The view into government transparency was a doorway, then a window and then a peephole, Umbehr said.

“Now they want to put their thumb across that,” he said. “We’ve got to know what’s going on.”

Umbehr also supports revisions to the Kansas Whistleblowers Act to include everyone reporting governmental malfeasance, not just state employees, which is currently the case, he said.

Josh Umbehr is a family practice physician and founder of Atlas MD, where patients pay a flat monthly fee. He doesn’t accept health insurance.

In return, patients see him and get many routine procedures done in the office for no extra charge.

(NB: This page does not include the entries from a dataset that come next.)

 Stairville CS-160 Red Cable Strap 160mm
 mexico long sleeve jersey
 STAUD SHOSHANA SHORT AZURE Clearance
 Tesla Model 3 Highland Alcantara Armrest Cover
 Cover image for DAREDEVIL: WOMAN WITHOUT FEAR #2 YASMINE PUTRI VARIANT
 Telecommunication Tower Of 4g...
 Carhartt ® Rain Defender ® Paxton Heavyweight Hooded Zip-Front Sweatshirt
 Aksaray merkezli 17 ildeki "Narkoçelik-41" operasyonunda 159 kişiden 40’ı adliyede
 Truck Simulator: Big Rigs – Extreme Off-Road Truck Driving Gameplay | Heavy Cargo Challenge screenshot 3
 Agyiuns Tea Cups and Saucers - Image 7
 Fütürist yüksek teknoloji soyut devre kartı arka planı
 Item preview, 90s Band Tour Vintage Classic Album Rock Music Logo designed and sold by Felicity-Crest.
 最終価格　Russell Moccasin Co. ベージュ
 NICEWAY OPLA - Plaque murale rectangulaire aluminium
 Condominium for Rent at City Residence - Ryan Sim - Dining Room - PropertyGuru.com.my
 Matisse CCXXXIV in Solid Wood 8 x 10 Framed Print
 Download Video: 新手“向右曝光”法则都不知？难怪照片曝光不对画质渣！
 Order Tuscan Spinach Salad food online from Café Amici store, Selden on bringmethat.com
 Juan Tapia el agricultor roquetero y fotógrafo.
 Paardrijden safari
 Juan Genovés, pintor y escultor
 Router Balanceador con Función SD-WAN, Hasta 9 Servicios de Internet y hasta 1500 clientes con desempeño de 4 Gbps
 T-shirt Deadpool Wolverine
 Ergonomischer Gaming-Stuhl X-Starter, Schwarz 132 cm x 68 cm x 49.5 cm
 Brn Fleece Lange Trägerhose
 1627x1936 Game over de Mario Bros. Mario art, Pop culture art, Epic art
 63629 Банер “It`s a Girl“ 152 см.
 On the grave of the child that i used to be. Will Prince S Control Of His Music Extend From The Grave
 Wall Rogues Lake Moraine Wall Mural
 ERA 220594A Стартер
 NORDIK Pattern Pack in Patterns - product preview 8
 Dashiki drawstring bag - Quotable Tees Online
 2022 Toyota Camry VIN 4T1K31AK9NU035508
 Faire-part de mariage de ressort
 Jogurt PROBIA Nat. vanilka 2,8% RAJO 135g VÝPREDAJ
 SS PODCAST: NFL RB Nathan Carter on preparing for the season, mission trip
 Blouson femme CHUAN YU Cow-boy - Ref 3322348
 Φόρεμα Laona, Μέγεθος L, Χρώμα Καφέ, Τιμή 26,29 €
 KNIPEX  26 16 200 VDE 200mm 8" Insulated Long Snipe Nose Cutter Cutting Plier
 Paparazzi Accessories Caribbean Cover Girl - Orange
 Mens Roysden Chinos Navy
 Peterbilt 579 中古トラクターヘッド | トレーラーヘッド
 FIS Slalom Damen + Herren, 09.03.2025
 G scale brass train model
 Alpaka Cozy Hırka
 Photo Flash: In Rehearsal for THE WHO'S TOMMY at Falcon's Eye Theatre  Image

His role in helping his father in the race for governor and in his bid for lieutenant governor is to focus on the health care topic, the younger Umbehr said in a short speech at the convention Saturday.

“It will be exciting,” Josh Umbehr said of the race.

Members at the convention also voted to include four planks to their party platform that in general supports limited government.

They include legalization of growing hemp as a farm crop, abolition of the death penalty, changes in instructions to juries to notify them that they can rule in the validity of laws in cases and creating a system for voter-sponsored initiatives and referendums at the statewide level.